[Entries taken from a collection]
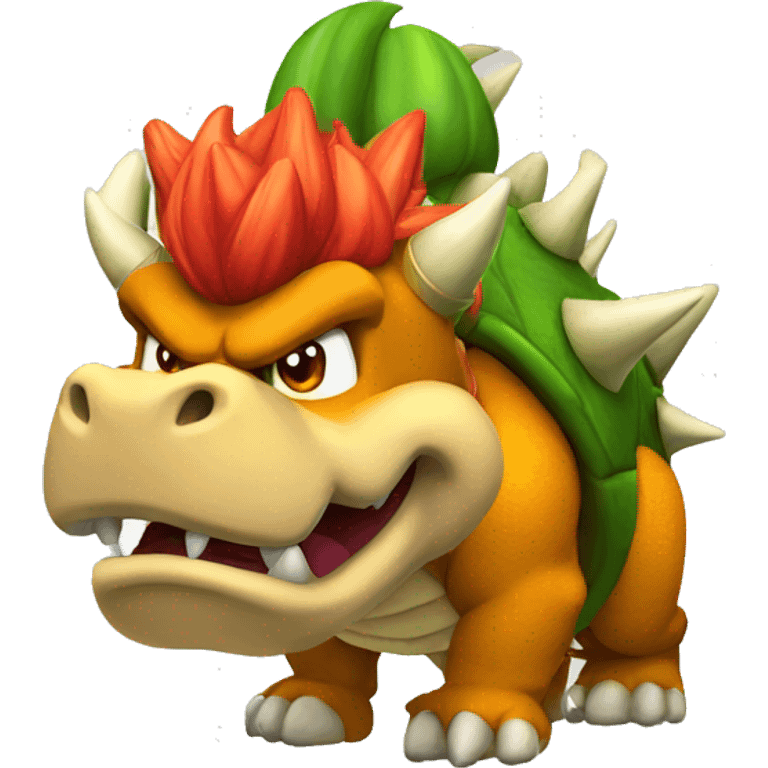 Bowser emoji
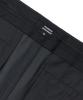 MUSINSA STANDARD Skinny Hidden Elastic Waist Crop Slacks [Gray]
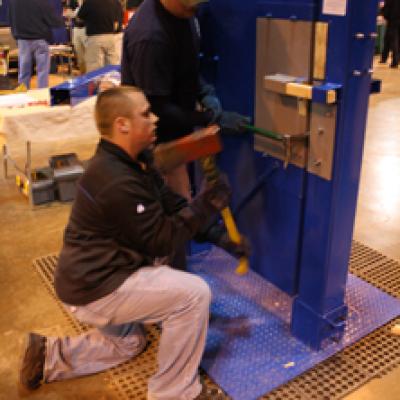 Forcible Entry Door Prop New York Nassau County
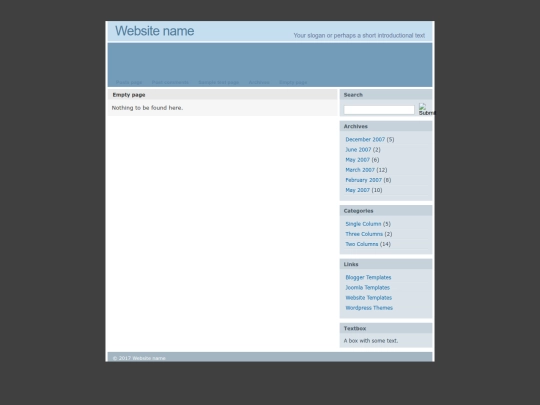 empty screenshot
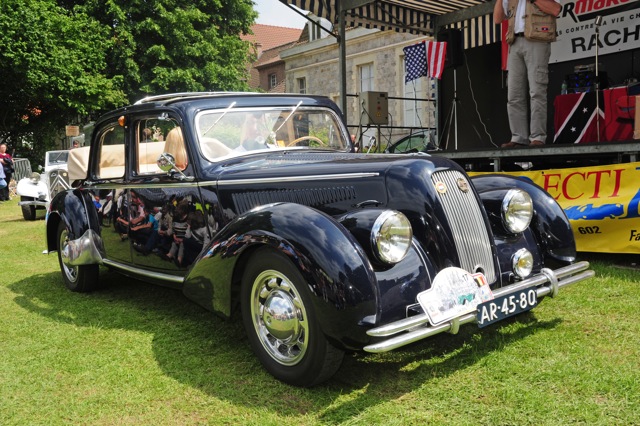 80 Ans de la Traction à Roost-Warendin et Rallye CS en Belgique Podium67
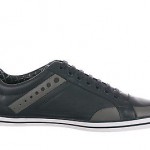 Hugo Boss Green Men’s Apache League Sneakers In Dark Blue (50254494-401) MSRP:$2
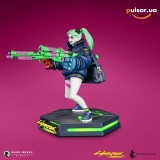 Оригинальная аниме фигурка &laquo;Cyberpunk: Edgerunners - Rebecca Figure&raquo;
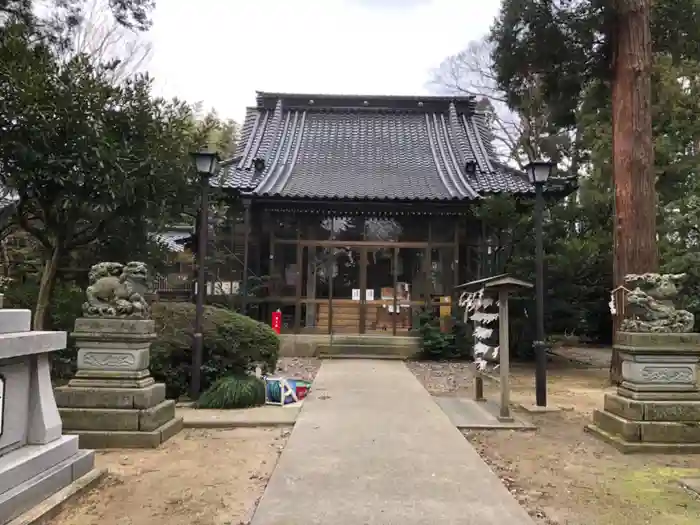 本村井神社の建物その他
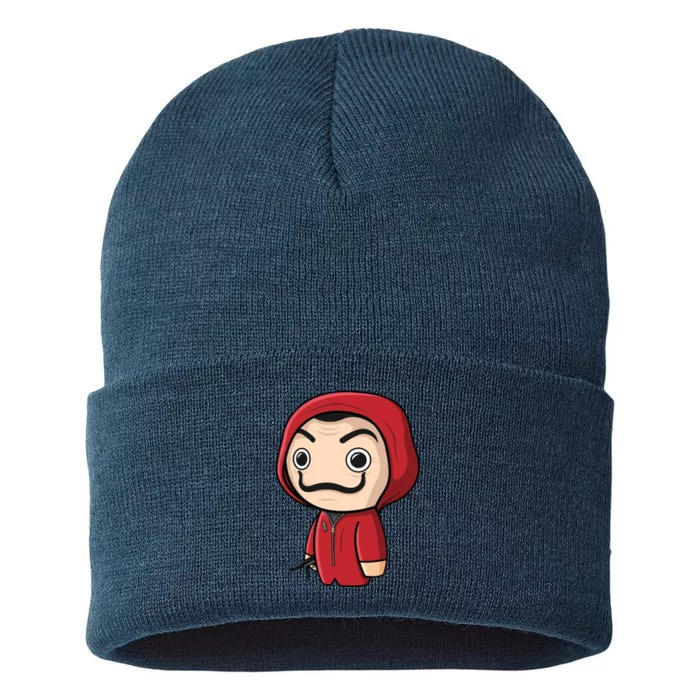 La Casa De Papel Heist Sustainable Knit Beanie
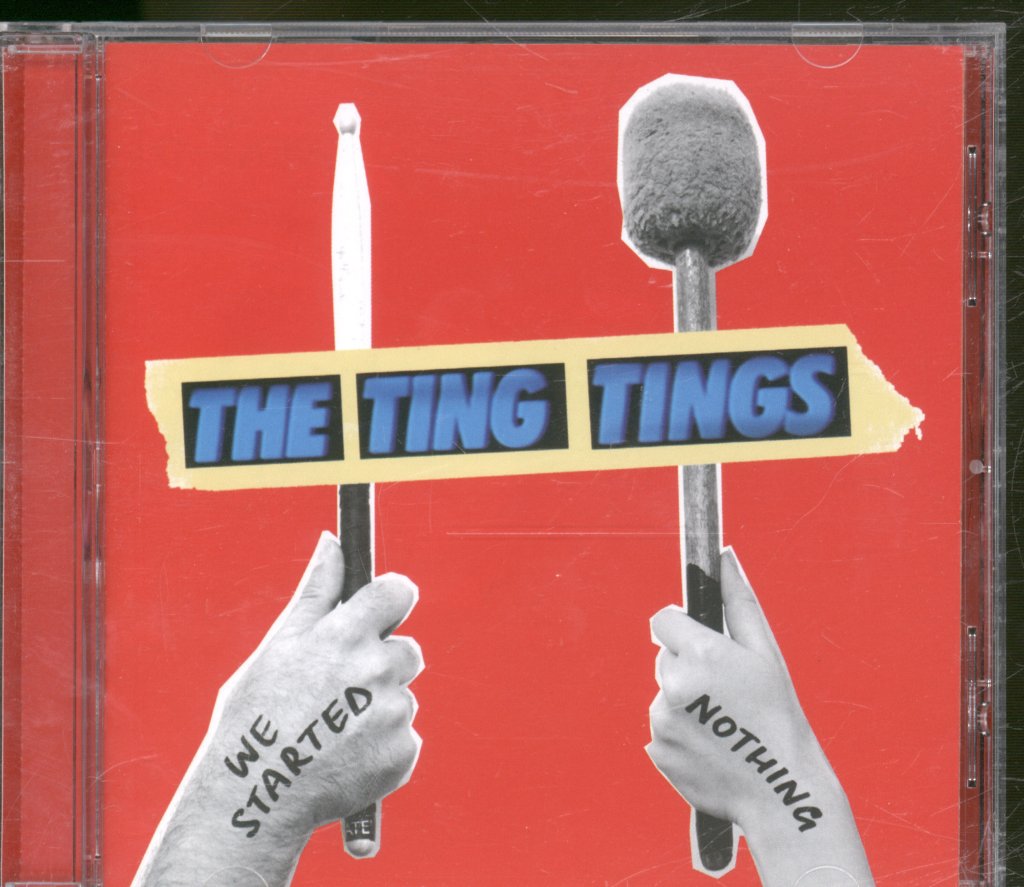 Ting Tings - We Started Nothing - Cd
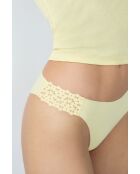 Braguita Wish de color amarillo pálido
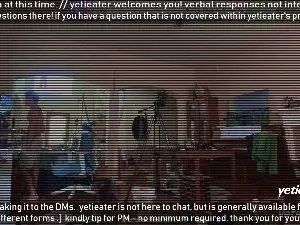 Cam4 Live Porn of yetieater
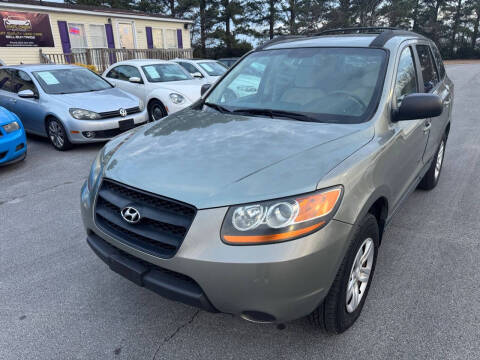 2009 Hyundai Santa Fe for sale at Explorer Auto Sales of Greenville in Greenville NC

What the task requires:
Only the lines from the first line of the data above through the line with "80 Ans de la" should appear in the answer, retyped exactly, with every picture left out.

Answer to this exercise:
 Bowser emoji
 MUSINSA STANDARD Skinny Hidden Elastic Waist Crop Slacks [Gray]
 Forcible Entry Door Prop New York Nassau County
 empty screenshot
 80 Ans de la Traction à Roost-Warendin et Rallye CS en Belgique Podium67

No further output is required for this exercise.